Many scholars argue that the “original” Gospel that predates the four written Gospels (composed AD 70–100), and that circulated orally among the first generation of believers, was basically the Passion narrative—events most closely associated with Jesus’ death and resurrection. Most of the details in the life of Jesus from the Last Supper to his burial in the tomb were fixed elements within a received tradition; that is, the Gospel writers inherited the details of Jesus’ passion and death in such a way that little was added or changed by them. This did not preclude, however, each of the Evangelists emphasizing some aspects of Jesus’ passion and death in order to address some of their other historical and theological concerns. For Luke, this was an emphasis on the innocence of Jesus.
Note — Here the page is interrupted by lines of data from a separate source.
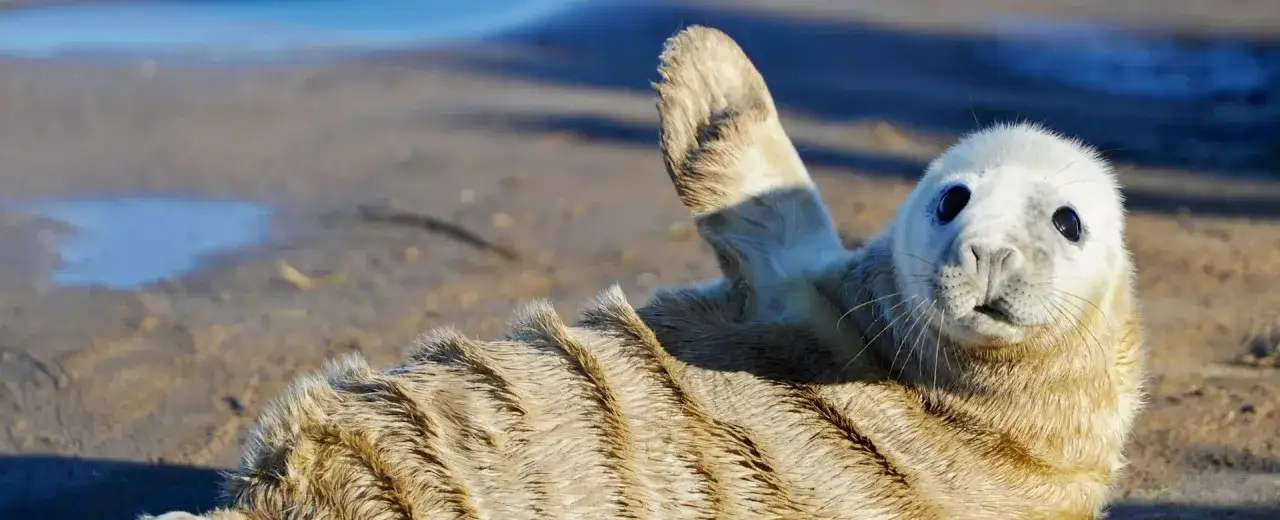 Czy w Bałtyku są foki? Poznaj gatunki i ich ochronę w Polsce
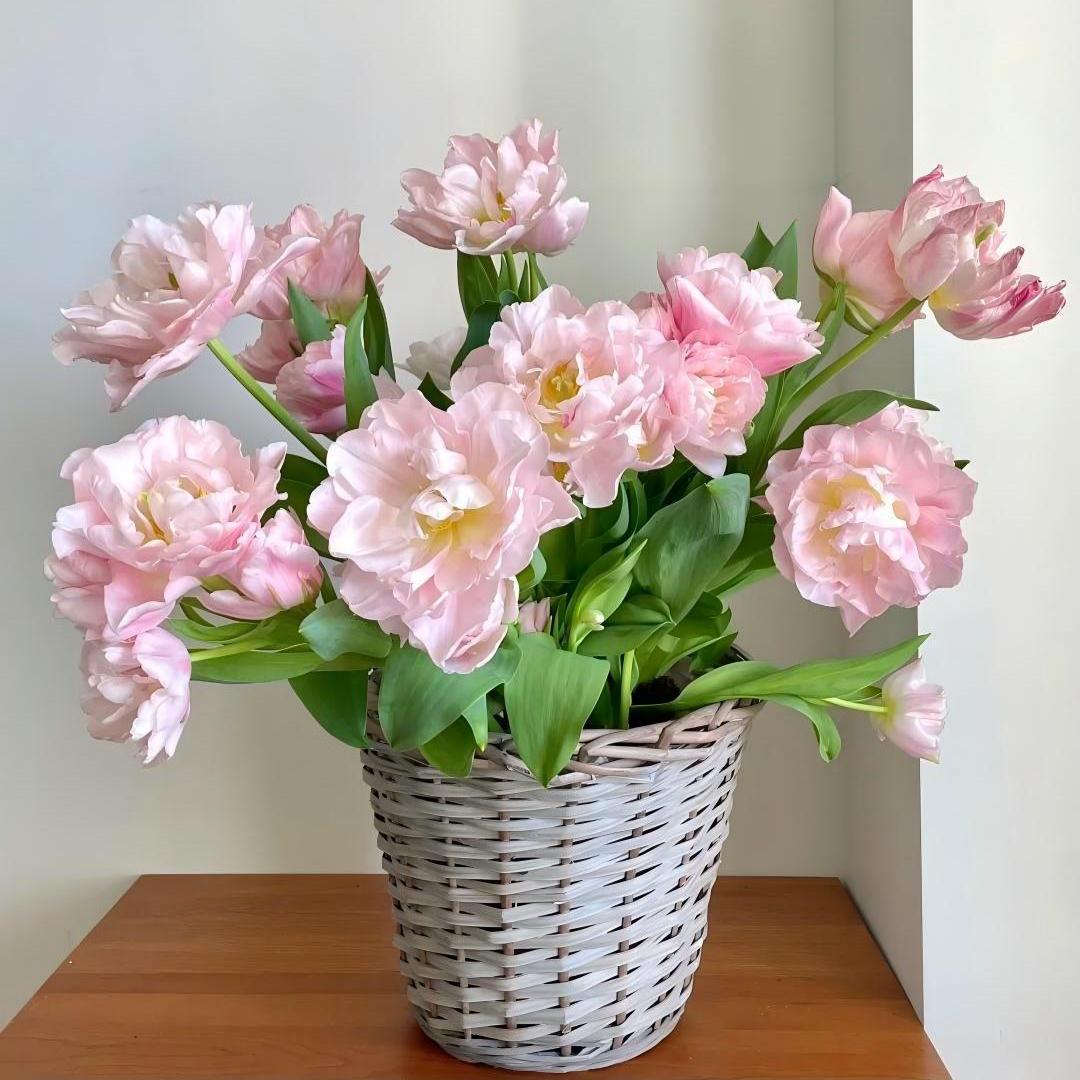 Enchanting Double Late Peony Tulips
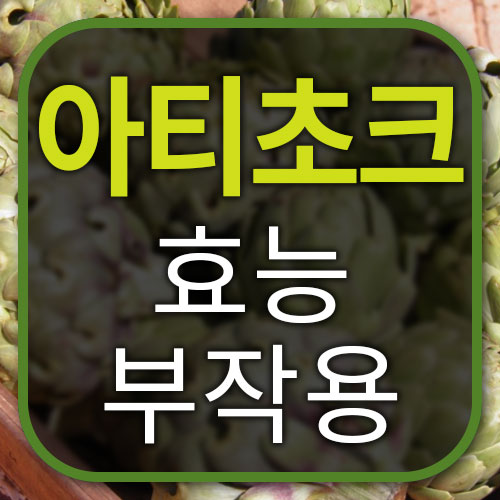 아티초크 효능 및 절대로 먹으면 안되는 사람 아티초크 효능 및 절대로 먹으면 안되는 사람
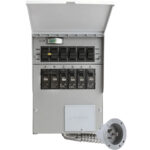 Interruptor de transferencia EcoFlow 306A1 (125 V, 60 A)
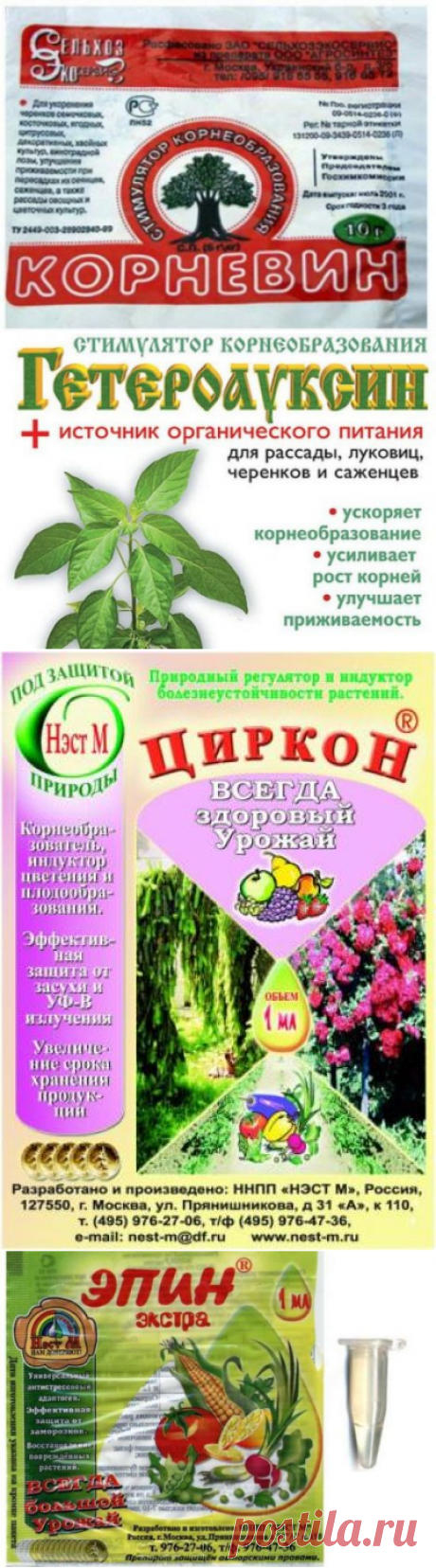 Лучшие стимуляторы роста: применение и характеристики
More than any other Evangelist, Luke presses the issue of Jesus’ innocence of the capital crime for which he stood accused. Three times Luke presents Pilate speaking directly of Jesus’ innocence (23:4; 23:15; 23:22), and Luke is also the only Evangelist to report Jesus standing accused before Herod Antipas (23:6-16), who likewise found Jesus not guilty. In Luke’s Passion narrative, both the political and the religious leaders (Pilate and Herod) found Jesus not guilty of committing any capital crime. Even the centurion at the foot of Jesus’ cross states, “This man was innocent beyond doubt” (23:47). Scholars ascribe a very real concern for Luke in his emphasis of Jesus’ innocence: composed nearly fifty years after Jesus’ death around AD 85, Luke is arguing for the legitimate status of the early church with the structures of the Roman Empire. If Jesus deserved capital punishment, then the early church would be an illegal organization. But Luke was able to show in his Passion narrative that the political authorities and the religious authorities of Jesus’ day found him innocent of the charges leading to his crucifixion.
As we hear in the Christological hymn in today’s second reading from Paul’s Letter to the Philippians, Jesus “humbled himself, becoming obedient to the point of death, even death on a cross.” Innocent by all measure, “God greatly exalted” Jesus.